Égale ne veut pas dire identique !
Comment croire une seconde que l’homme et la femme soient identiques ? Bien sûr que non ! Maintenant, qu’est-ce qui fait cette différence… génétique ou éducation ? Je dirais les deux. Car si les petits garçons tapent dans le ballon pendant que les petites filles jouent à la poupée, il y a fort à parier que ni la génétique seule, ni l’éducation seule, n’en soit l’unique cause.
Mais est-ce une raison pour ne pas se battre pour l’égalité ? Car, au-delà des préférences propres à chacun, si une femme veut devenir footballeuse professionnelle ou un homme assistant maternel, il est un devoir pour la société de leur laisser la chance d’y parvenir.
. Qu’est-ce qui pourrait rendre notre rapport à l’autre plus sain ?
Pouvoir parler librement de sexualité, par exemple. Se sentir libre d’exprimer ses fantasmes sans peur d’être jugé.
Si j’écris sous couvert d’anonymat, c’est bien parce que, sinon, je ne me sentirais pas le courage d’écrire ne serait-ce que le quart de ce que j’écris là. Il est dommage de devoir se cacher pour fantasmer… alors que tout le monde fantasme. Nous ne nous cacherions alors plus derrière une fausse morale en carton-pâte, et pourrions assumer nos petites perversités comme autant de facettes de soi avec lesquelles on aime parfois jouer pour en retirer du plaisir.
. Quelle sexualité au quotidien ? Vie sage, de couple, abstinente, libertine ?
Simplement en couple (avec une femme). Je le précise, mais j’espère qu’en 2025 cela ne fait aucune différence.
Pour ce qui est des petites particularités de ma sexualité, sans aller jusqu’au BDSM, disons que j’ai quelques affinités avec les jeux de contraintes. Une corde ou des menottes, et je ne réponds plus de rien ! Bon, blague à part, je trouve que ce genre de jeux décuple le plaisir dans le lâcher prise et la frustration (mais pas trop de frustration quand même, hein ^^).
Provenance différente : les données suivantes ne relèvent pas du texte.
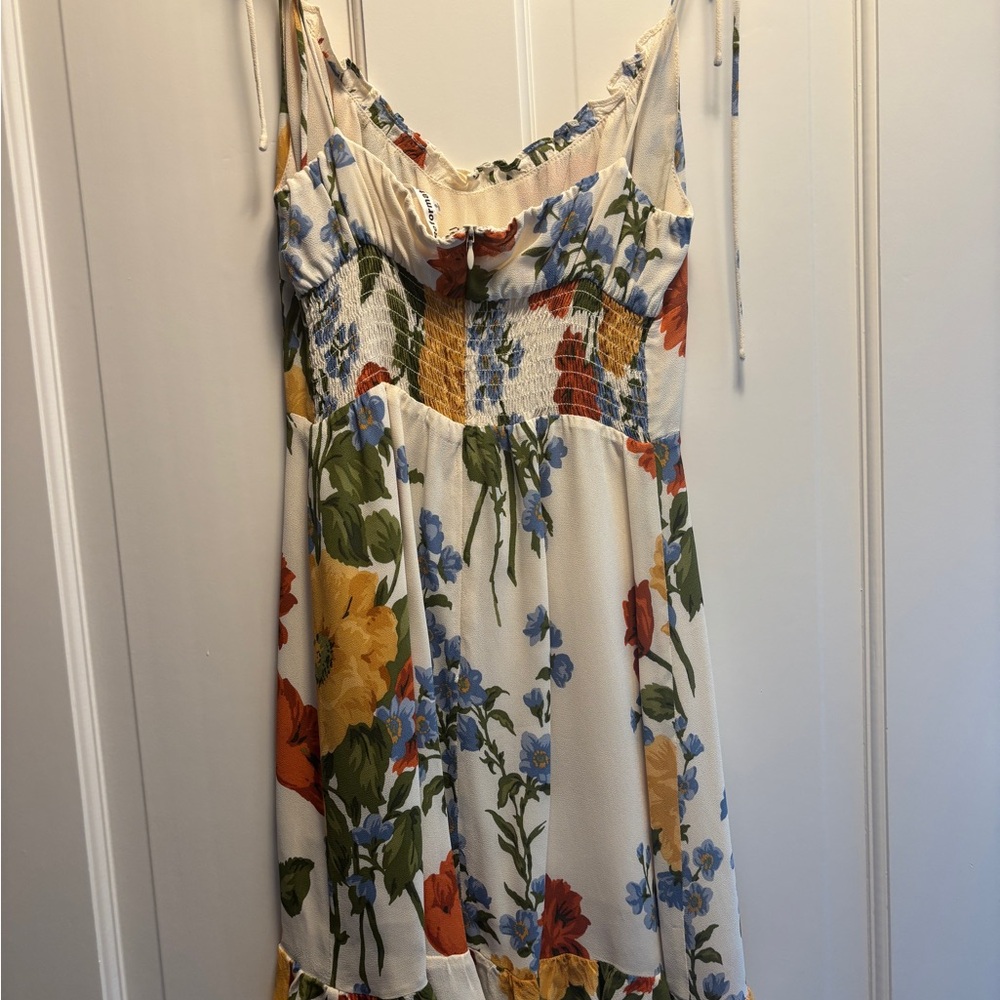 Reformation floral Dress size 0 - Picture 4 of 8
. Faut-il réaliser ses fantasmes ?
Bonne question !
Je pense qu’il y a autant de réponses que de fantasmes. Je sais que certains de mes fantasmes ne seront jamais réalisables, et que même s’ils l’étaient, ce n’est pas du tout dit que je prenne autant de plaisir que j’en ai eu à les imaginer.
Je pense qu’il est très agréable de réaliser de petits fantasmes, mais qu’il faut accepter de garder les plus lourds bien au chaud dans sa tête. C’est d’ailleurs la principale raison qui me pousse à écrire : vivre mes fantasmes sans limites.
. Un souvenir sexuel particulier à nous partager ? (Formidablement intense, ou au contraire incroyablement décevant)
Oh Oh ! Petit curieux !
Un des moments les plus sensuels qu’il m’ait été donné de vivre est mon premier contact charnel avec ma chérie. Je le raconte dans « Lieu de grâce », un texte que j’ai écrit sous une impulsion, à la suite d’une demande sur un forum. C’est là que je me suis rendu compte à quel point ce moment avait marqué mon corps… mon être… et ma vie.